With three guarantors, Mwalimu secured a loan of Sh500,000 from Mwalimu Sacco. His wife, also a teacher, secured another Sh250,000 loan with the help of another set of guarantors. However, none of the guarantors knew anything about the Mwalimus US plans. Plus their savings, the initial Sh900,000 was raised.

Mwalimu and his wife each then obtained another ShSh300,000 from two leading banks (names withheld). Each had to use two different guarantors for the bank loans, who were as ignorant as the first lot.

On top of the new loans, the Mwalimus also had outstanding arrears of Sh144,000 with the Higher Education Loans Board.

In July of 2006, the Mwalimus and their two children got their US visas. By then, they had already secured admissions for the Fall semester at a University in New England for post-graduate studies. Armed with college letters of admission, they applied for and were granted paid study leave from the Teachers Service Commission.

Settled in US

The Mwalimus sold all their belongings and left for the US in mid-September, 2006. They settled in the South Atlantic region of the United States. Three years later, they are successful professionals in the US and their combined household annual income is close to $200,000 (about Sh14 million).

They have never paid a shilling towards their loans in Kenya and the banks and Mwalimu Sacco have gone after their guarantors. The TSC has long found out that the couple never intended to go to school in New England nor return to Kenya and wants the entire amounts they received during the purported study leave period returned.

The above pattern reflects what transpires year-in-year-out as people relocate for good from Kenya, leaving banks and saccos holding on to non-performing loans.

What options do the co-signers, banks, HELB and TSC have in dealing with such defaulters.

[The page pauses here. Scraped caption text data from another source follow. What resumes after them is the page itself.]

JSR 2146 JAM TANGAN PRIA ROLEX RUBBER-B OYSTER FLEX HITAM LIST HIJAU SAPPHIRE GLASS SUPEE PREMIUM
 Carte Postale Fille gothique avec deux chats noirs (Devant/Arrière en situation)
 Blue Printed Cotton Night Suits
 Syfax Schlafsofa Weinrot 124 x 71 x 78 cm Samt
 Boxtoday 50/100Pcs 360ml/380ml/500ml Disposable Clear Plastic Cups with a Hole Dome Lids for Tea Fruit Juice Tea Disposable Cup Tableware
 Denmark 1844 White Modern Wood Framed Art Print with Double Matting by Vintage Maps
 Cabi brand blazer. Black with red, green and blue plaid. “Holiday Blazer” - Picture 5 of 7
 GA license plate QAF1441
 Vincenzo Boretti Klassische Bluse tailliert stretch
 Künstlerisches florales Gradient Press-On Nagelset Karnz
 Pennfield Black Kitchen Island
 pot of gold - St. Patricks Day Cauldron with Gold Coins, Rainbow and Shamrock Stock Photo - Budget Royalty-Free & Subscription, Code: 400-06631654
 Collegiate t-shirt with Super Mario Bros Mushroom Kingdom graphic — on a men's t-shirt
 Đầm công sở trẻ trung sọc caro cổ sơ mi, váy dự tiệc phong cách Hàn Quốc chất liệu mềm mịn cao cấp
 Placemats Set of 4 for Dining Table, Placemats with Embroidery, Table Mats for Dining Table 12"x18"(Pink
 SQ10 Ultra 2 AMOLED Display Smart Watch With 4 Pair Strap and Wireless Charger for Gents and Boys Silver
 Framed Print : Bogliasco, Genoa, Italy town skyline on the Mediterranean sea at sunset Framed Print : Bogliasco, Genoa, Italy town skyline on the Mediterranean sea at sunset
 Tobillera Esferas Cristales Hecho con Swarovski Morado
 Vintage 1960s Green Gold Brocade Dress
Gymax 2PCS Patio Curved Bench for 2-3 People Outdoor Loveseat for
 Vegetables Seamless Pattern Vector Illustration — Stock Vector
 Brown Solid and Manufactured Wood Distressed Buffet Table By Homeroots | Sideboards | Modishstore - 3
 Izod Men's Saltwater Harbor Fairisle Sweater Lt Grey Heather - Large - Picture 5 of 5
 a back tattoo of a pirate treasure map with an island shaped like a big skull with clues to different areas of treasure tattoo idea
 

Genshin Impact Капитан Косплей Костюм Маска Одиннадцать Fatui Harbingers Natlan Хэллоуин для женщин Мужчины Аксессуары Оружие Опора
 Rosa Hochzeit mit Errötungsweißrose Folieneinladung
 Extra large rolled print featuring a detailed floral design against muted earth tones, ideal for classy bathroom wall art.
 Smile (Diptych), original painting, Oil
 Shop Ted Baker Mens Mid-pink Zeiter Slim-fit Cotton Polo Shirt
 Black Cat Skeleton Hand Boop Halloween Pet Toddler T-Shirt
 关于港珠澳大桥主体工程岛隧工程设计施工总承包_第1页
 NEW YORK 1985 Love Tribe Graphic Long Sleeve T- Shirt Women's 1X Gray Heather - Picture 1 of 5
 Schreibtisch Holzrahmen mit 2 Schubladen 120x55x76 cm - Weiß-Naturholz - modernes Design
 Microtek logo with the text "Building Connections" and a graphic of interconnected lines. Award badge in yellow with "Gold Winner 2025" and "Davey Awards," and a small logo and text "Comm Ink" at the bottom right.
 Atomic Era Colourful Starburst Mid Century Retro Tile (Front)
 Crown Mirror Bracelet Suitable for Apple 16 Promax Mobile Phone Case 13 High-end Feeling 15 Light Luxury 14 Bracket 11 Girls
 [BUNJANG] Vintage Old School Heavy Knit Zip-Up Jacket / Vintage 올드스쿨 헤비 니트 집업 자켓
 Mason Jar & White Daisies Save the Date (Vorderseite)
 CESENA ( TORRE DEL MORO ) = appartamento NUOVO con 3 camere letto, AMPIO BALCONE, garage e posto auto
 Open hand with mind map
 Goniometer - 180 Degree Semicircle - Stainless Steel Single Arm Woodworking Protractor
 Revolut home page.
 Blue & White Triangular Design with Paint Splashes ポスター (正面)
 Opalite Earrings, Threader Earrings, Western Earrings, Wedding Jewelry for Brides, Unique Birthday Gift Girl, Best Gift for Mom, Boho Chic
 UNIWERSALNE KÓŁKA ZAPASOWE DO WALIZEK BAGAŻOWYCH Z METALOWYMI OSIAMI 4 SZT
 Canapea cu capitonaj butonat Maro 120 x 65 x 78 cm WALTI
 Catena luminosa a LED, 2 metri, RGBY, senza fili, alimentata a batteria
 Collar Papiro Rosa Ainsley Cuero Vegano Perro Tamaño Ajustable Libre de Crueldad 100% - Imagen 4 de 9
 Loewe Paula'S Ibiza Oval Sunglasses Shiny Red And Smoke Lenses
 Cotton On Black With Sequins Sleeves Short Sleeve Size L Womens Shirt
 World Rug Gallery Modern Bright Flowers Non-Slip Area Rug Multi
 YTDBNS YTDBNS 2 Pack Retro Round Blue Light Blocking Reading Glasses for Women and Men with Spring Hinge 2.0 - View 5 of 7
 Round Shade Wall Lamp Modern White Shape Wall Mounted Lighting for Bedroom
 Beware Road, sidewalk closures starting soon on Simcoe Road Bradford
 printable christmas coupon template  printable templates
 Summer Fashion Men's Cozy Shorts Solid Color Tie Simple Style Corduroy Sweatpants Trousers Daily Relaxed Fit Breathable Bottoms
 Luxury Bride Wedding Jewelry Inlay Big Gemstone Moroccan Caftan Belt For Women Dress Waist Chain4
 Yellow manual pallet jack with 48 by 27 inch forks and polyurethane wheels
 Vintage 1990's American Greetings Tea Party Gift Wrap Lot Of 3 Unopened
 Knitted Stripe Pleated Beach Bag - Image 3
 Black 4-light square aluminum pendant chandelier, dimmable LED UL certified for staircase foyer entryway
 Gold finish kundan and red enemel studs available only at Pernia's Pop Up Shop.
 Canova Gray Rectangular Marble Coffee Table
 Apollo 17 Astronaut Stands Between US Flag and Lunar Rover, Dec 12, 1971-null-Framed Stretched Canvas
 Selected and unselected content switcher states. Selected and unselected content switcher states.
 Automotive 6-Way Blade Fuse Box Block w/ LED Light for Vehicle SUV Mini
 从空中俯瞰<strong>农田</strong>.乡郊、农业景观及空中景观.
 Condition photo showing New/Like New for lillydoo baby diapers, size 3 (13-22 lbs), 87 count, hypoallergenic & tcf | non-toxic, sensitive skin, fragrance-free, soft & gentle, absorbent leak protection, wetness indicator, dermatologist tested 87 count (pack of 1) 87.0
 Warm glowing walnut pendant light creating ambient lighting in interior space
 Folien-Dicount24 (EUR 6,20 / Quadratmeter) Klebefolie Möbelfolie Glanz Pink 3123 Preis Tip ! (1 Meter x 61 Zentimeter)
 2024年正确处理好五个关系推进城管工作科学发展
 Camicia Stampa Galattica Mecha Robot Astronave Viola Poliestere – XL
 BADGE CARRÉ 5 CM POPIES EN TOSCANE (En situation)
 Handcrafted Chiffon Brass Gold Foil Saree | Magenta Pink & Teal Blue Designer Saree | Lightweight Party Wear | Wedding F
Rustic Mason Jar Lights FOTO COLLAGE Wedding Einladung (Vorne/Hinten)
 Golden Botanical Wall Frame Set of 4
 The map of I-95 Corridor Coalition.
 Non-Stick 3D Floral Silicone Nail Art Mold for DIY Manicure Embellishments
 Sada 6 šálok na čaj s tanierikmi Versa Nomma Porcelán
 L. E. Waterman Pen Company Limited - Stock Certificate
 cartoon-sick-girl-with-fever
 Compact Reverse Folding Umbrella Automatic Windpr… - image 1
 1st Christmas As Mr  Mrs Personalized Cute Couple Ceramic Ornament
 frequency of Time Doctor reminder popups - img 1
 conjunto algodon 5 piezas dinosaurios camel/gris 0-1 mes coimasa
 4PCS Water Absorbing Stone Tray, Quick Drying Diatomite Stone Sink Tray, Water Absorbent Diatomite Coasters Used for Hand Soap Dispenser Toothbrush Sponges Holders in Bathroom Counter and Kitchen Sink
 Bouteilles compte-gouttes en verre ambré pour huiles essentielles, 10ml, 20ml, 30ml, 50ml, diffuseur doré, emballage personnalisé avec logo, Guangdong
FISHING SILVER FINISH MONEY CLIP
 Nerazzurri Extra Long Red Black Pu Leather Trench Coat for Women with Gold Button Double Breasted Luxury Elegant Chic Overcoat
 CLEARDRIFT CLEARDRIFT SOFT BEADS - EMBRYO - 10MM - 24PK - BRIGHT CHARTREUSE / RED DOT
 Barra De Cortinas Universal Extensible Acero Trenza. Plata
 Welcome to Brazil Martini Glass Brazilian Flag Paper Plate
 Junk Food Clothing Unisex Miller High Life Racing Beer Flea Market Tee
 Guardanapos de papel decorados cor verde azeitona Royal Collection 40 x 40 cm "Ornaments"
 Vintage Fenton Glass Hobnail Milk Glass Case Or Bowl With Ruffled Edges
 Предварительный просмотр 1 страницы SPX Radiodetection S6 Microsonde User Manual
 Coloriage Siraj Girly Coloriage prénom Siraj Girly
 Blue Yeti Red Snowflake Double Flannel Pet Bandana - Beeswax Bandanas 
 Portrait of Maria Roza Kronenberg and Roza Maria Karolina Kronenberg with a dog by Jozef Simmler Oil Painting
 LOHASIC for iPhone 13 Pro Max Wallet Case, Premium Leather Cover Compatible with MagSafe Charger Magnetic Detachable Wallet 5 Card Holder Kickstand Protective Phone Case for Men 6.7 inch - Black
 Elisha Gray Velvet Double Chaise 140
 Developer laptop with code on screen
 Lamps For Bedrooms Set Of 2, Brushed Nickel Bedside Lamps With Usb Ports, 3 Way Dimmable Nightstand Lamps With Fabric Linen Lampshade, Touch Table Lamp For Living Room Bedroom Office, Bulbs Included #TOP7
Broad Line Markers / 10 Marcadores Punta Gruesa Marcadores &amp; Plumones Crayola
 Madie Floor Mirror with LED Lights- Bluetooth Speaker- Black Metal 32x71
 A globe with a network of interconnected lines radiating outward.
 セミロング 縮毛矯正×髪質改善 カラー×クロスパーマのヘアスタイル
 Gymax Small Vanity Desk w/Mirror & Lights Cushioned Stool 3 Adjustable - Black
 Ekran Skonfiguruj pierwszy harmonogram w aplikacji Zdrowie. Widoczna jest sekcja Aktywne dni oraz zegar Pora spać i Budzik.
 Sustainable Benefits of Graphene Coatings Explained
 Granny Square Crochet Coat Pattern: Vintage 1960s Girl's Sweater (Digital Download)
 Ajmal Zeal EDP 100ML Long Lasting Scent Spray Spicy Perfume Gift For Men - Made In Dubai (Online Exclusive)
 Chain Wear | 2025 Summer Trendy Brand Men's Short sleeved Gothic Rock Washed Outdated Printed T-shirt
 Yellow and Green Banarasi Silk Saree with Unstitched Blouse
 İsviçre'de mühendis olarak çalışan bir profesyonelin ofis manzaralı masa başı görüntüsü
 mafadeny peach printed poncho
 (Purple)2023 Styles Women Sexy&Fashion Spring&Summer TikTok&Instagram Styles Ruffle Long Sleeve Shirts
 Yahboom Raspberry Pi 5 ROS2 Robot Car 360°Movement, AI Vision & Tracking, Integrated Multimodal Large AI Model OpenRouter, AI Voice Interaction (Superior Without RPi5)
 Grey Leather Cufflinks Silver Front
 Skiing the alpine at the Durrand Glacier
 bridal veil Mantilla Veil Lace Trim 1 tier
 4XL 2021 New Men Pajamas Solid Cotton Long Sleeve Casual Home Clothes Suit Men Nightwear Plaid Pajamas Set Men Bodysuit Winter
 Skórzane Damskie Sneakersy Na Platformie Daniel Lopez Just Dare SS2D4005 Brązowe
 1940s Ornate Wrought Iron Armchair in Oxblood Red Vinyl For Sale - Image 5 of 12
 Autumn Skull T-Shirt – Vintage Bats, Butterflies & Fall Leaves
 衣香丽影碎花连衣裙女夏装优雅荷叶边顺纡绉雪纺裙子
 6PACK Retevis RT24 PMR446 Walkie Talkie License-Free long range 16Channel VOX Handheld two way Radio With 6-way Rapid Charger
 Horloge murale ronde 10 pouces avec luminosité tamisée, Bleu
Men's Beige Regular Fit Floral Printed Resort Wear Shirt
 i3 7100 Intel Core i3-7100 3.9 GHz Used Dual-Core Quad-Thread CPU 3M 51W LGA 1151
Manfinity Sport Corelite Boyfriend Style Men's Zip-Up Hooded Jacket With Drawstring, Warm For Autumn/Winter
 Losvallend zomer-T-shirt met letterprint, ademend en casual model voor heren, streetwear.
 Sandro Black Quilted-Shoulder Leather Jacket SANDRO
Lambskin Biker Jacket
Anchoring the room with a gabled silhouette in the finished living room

The US Embassy spokesperson, Inmi Patterson, said: ‘That is something between individual persons and financial institutions. Between a borrower and a lender and they don’t necessarily have to go to US. Some might be going elsewhere, so we can’t really get involved."

A senior TSC official, who sought anonymity, said they have received hundreds of complaints from guarantors, many of them teachers, who are being forced to repay loans whose applicants have left the country.

According to Thomas Kirui, a Kenyan-born lawyer who practices in the United States, such international deadbeat debtors are not necessarily out of reach from their Kenyan creditors.

"On several occasions in the past, my office here in the US has worked in close association with Kenyan lawyers and other professionals in Nairobi to recoup consumer as well as commercial debts rightfully owed to various Kenyan entities by debtors who have relocated to the United States," the lawyer, who has offices in Virginia, US, and in Nairobi said.

"International debt collection is a complicated process best left to professionals. One has to navigate through different legal jurisdictions, language barriers and different time zones, just to name a few considerations that leave many a creditor wanting to just forget about the debt all together.

"With the collaboration of professionals in different countries, effective debt collection, however, simply knows no borders in this day and age," Kisui says.

"Most collection actions are initiated in the creditors’ countries of residence and the debtor is engaged through international service of process. If a negotiated settlement cannot be arrived at, then once the creditor obtains a judgment in his or her favour, the issue of enforcement of the judgment in the debtor’s

country of residence arises.," he said.

Between lawyers

"Close collaboration between lawyers and other debt collection professionals in process is, therefore, inevitable. One group locally deals directly with creditors to obtain a judgment while the group in the debtor’s country of residence works to domesticate and enforce the foreign judgment," he said.

"Here in the US, enforcement of judgments issued by foreign courts is carried out in some states. In Virginia, for example, state law provides for foreign country money judgment domestication and enforcement cases," says the lawyer.

"Such judgments must, among other things, be certified by the Consul at American Embassy so that it will be accepted by the office of the clerk in any circuit court in the US ," he explains.